Mir's future is becoming more certain every day. Russian space officials tell CNN that Mir probably won't be inhabited much after this year. There's even some talk about having the current crew of cosmonauts turn out the lights and leave the station when their tour of duty is over this fall.

Mir   
Mir's Russian program manager, Valery Ryumin, is traveling to Mir on shuttle Discovery to take a look and determine for himself if there's much reason to keep the space station aloft.
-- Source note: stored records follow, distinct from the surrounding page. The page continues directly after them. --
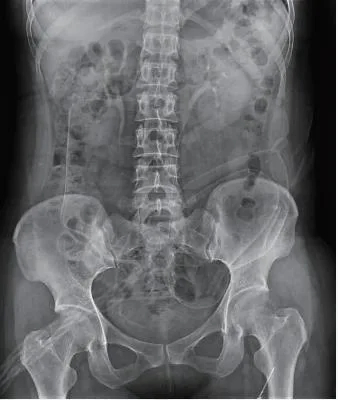 56kw/80kw High Quality Digital Dynamic Detector Radiography Fluoroscopy X Ray System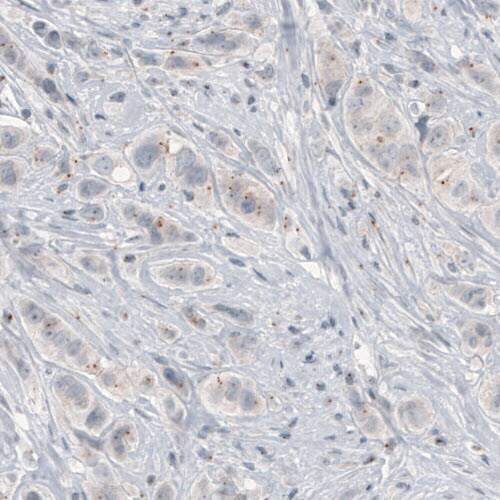 CEP350 Antibody (CL3423) - Azide and BSA Free Immunohistochemistry-Paraffin: CEP350 Antibody [NBP3-44123]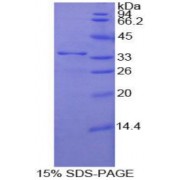 SDS-PAGE analysis of Human Nucleoporin 205 kDa Protein.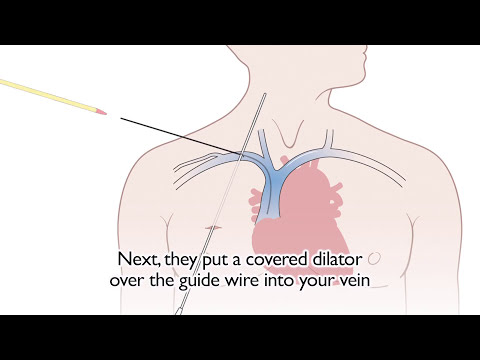 How a tunnelled central line is put in - Cancer Research UK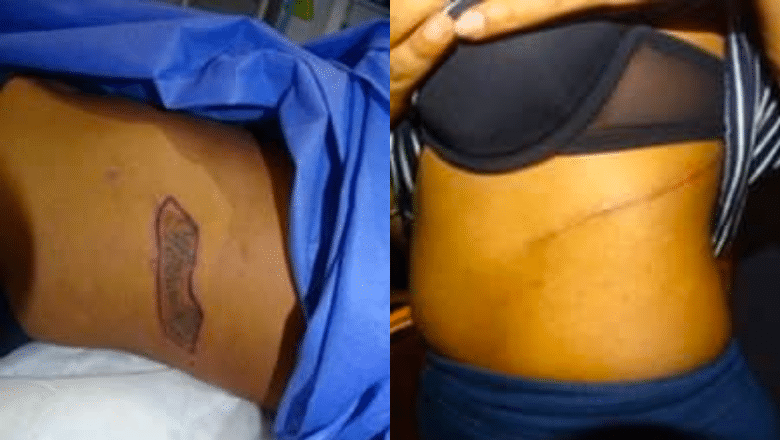 7 Factors that Determine the Cost of Your Tattoo Removal  Tattoo Cares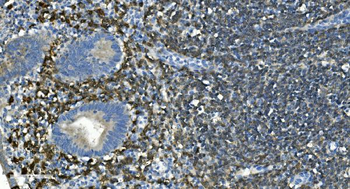Anti-CD20/MS4A1 Antibody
The Russians have a plan to lower Mir's orbit, starting with the next Progress supply ship visit. In the past the shuttle and unmanned progress ships have been used to raise Mir's orbit to keep it in space, but now the opposite is being done. The plan is to separate the space station into pieces one by one, and allow the individual segments to fall into the atmosphere. The final segment of Mir will consist of the base block, which was the first piece launched 12 years ago, and the Krystal module, which has been used for science research and habitation. These two pieces will be dropped into the ocean as Mir's final orbit ends.

Andy Thomas, who is in his final month as a Mir astronaut, says he'll hate to see the space station die. He hopes it will remain in orbit for at least another year.

ISS update

The fact is, Russia continues to have severe financial problems with its space program. The people I'm talking to say its just not possible to continue spending on Mir and to meet the demands of other international partners for the new space station.
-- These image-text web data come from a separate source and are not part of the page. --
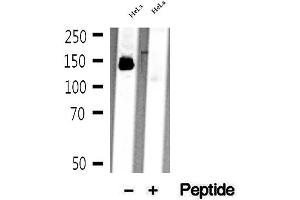 Western blot analysis of extracts of HeLa cells, using mDia1 antibody. (DIAPH1 anticorps)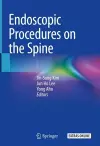 Endoscopic Procedures on the Spine cover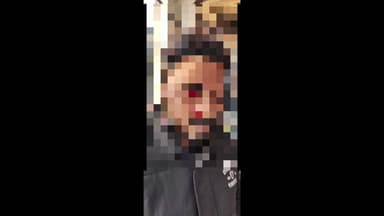 ਆਨੰਦਪੁਰ ਸਾਹਿਬ: ਅਨੰਦਪੁਰ ਸਾਹਿਬ ਦੇ ਨਜ਼ਦੀਕੀ ਮਹੱਲਾ ਲੋਹਗੜ ਵਿਖੇ ਮੋਟਰਸਾਈਕਲ ਤੇ ਜਾ ਰਿਹਾ ਨੌਜਵਾਨ ਚਾਈਨਾ ਡੋਰ ਦੀ ਲਪੇਟ ਵਿੱਚ ਆਣ ਕਾਰਨ ਹੋਇਆ ਜ਼ਖਮੀ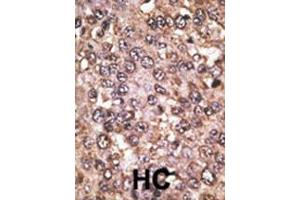 Formalin-fixed and paraffin-embedded human cancer tissue reacted with the primary antibody, which was peroxidase-conjugated to the secondary antibody, followed by DAB staining. (SIRT5 antibody  (C-Term))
A team of NASA and Boeing officials is just back from more than a week of talks with the Russians about delays in the new station. There's a growing consensus that it makes no sense to start building the space station until the end of this year. The original goal of launching the first piece in June is totally off the books. A December or January launch is looking more and more likely.

My favorite story this week comes from NASA's Wallops Island, Virginia, flight facility. Four teams of high school students have spent the year preparing experiments to fly in space, and they're at the launch pad this week to load their equipment on a sounding rocket and watch it fly. The students are from Maryland, North Carolina, Illinois, and Minnesota. The students have been working on their experiments all year, and this week they get to see them fly. We'll let you know what happens.

The next week in space will be busy for me. I'll be in Houston for a series of briefings on the new space station. We'll talk from there next week.

John Holliman's column appears on Wednesdays.